I will say why, so you, my lovely followers, can decide if you want to read this one or not.

There is loads of family drama…mentions of suicide and mental illness. Also, nothing to do with polytheism and magic. So feel free to read or skip at your discretion.

My grandpa just pulled one of the worst stunts in my family history.

It starts off about 13 months ago with a fight my grandpa got into with his brother, my uncle. Lots of details there…but the short version is that my grandpa did something really stupid, that caused a huge rift in the family. Not that he really realized it. Because the rift mostly happened with my cousins who live out of state.

My family has known about this for the whole last year. It was a pretty big deal, and my uncle told my mom and her family, because he felt it was important to keep everyone safe by knowing what had happened. So I’ve known for a year, same as my mom, aunt and a few others here in state. It’s been safe enough, because I stopped spending time with my grandpa at night–when he’s drunk and abusive–and I severely limited my time with him at all. It was the safest way to handle the situation, as it was not really possible to just cut him out of my life.

However, this last weekend things came to a head. One of my cousins, his nephews, called my grandpa up and uninvited him from a family function down with the family – direct result of what my grandpa did to my cousin’s father. (short clarification – my cousin is actually my mom’s cousin, but we just call everyone “cousin” to make things easier.)

Things seemed okay, until Sunday night.

My grandpa called my mom and aunt, screamed at them both…was more sorts of verbally abusive. Then he went and pulled the stunt that I do not know if I can ever forgive him for. My grandpa decided (probably drunk at the time) that it was a brilliant idea to threaten my mom and aunt that he was going to kill himself.

I know how tough it is. I’ve felt suicidal at times before. The depths of my bipolar means that at my most depressed, I have come very close at times. I’ve been perhaps steps from the end…but I’ve been able to keep myself here and in one piece. I’ve survived and fought back over to the living and mostly stable. It is tough knowing that mental illness leaves me vulnerable to such things. But I know what my worst is, and I know how to manage it. I am able to deal and to remind myself of the good things that keep me whole and healthy.

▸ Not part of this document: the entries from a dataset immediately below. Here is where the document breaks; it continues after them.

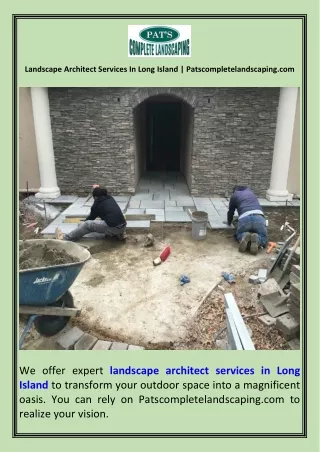 Landscape Architect Services In Long Island  Patscompletelandscaping.com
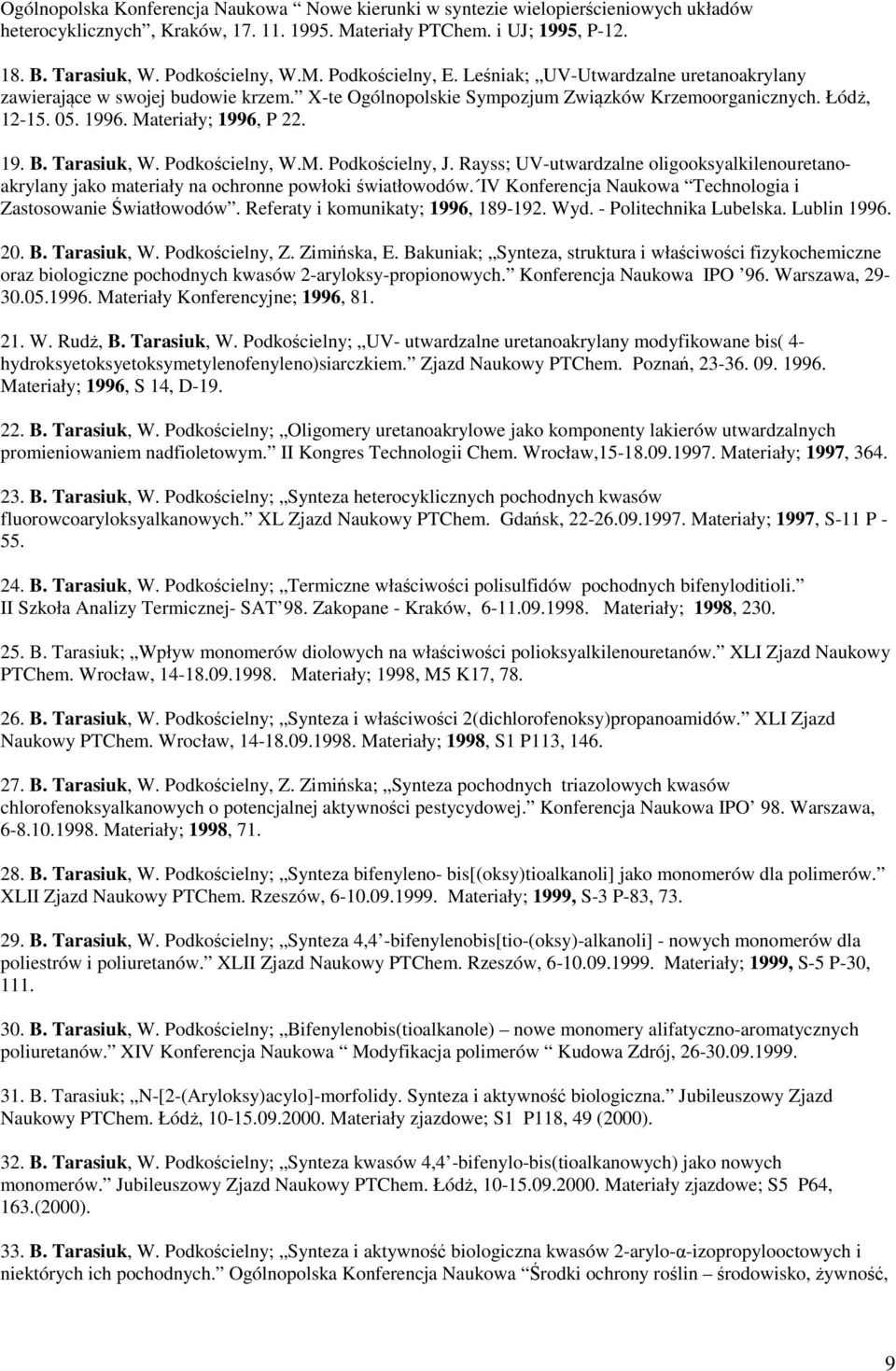 19. B. Tarasiuk, W. Podkościelny, W.M. Podkościelny, J. Rayss; UV-utwardzalne oligooksyalkilenouretanoakrylany jako materiały na ochronne powłoki światłowodów.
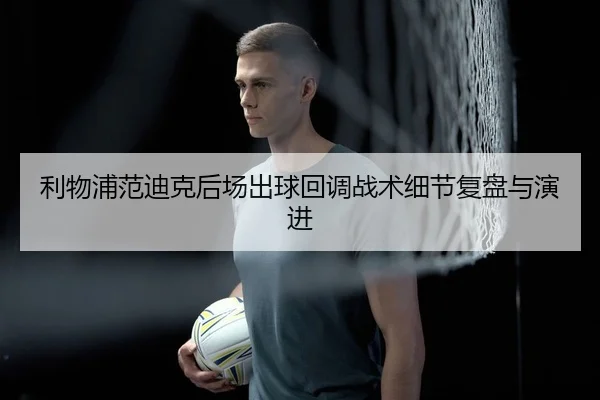 利物浦范迪克后场出球回调战术细节复盘与演进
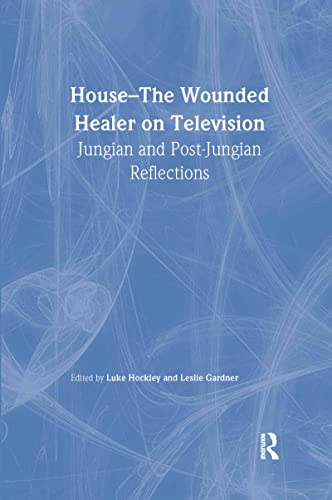 9780415479134: House: The Wounded Healer on Television: Jungian and Post-Jungian Reflections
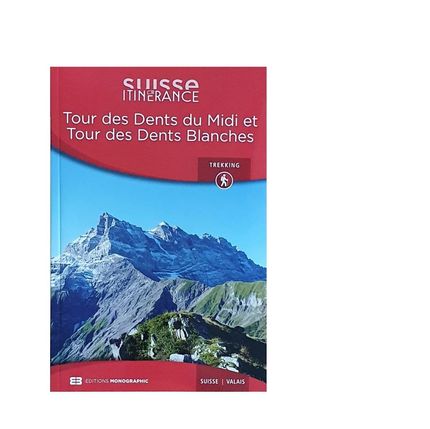 Livre - Tour des Dents du Midi et Tour des Dents Blanches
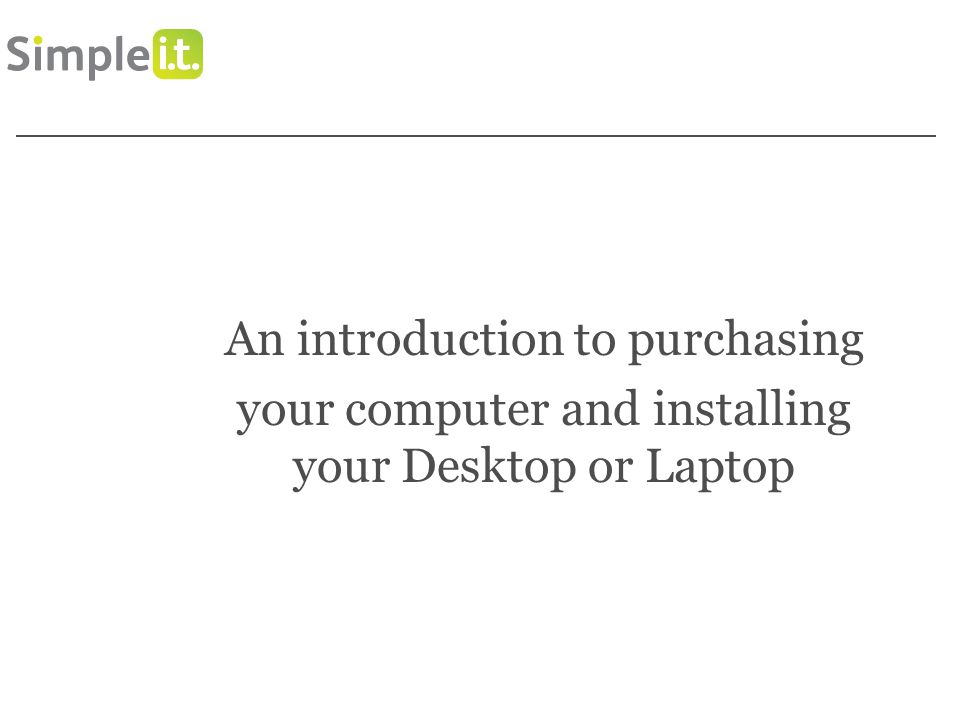 ChooseIT and SetIT up An introduction to purchasing your computer and installing your Desktop or Laptop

I have another cousin who committed suicide. It’s another one of my grandpa’s grand-nephews, besides the one who called him this last weekend. That was devastating to his parents, and to the rest of the family who dearly loved him.

For me, knowing what suicide is…knowing how it affected those closest to my cousin, it was devastating. It is not a joke.

I understand people who say they will commit suicide. Cries for help should be recognized and acted upon. That is not what any issue is for me. I understand all too well what it is to be overwhelmed and feel like you have nothing left. That’s familiar, understandable, and I’m sympathetic and empathetic to those in that situation. I am upset that someone would say such cruel things to their family, without meaning it.

And I am furious that my grandpa dared to threaten something to try and upset my mom and aunt. Because with my grandpa, it is not a cry for help. It’s not a real statement of something he feels pulled to do by his mental illness (he has major depression, even if he won’t admit it). He told my mom and aunt he was going to kill himself to make them feel guilty and to try and get what he wanted out of them. He doesn’t give a damn that he upset and angered my family.

He’ll be fine in a few days, having blown off his steam–and he’ll probably laugh about his little “game”…which is how he will think of this. It’s a big fucking joke to him.

And I wish that I was exaggerating that. But he is himself. And that means this was all a thing for him to play with. It was not real emotion or real thought. He said things in an attempt to shake up my family, to cause pain and to be cruel. That is what he did, and he was terrible to even consider doing something like that.

That’s the part that makes me most upset and angry with him. He says something that caused major stress to my mom and aunt. Then he’ll just act like nothing happened. He is a jackass to do it.

I almost wish he had been plastered drunk. There might then be a reason for him being such a jackass and doing something so cruel and heartless. However, after years seeing the “functioning” alcoholic at work – I know he was not drunk. He was totally sober. Or rather, for him, mostly sober. Probably three or four glasses of scotch in. But that’s near totally sober for him. It would almost make it understandable if he had been drunk. But he wasn’t.

I’m absolutely furious.

The truth is, considering this little “game” of his – I’m not sure if I’ll ever forgive him. I’m so angry that I’m still shaking when I think about it. He is going to call me at some point. I don’t know what I will say. I’m not sure if I should even engage at any point now. It’s going to take a lot for me to even begin to accept him after pulling such a stunt.

I’m not sure how to proceed. For now, I’m working through my anger. But afterwards, I have to decide what I say or do. At this point, I’m almost willing to write him off. But I know this is still raw for me. So I need to give myself more time to work through things and figure out if that is really what is best for me or not.

Really, I just needed to vent, and this is a safe place to vent.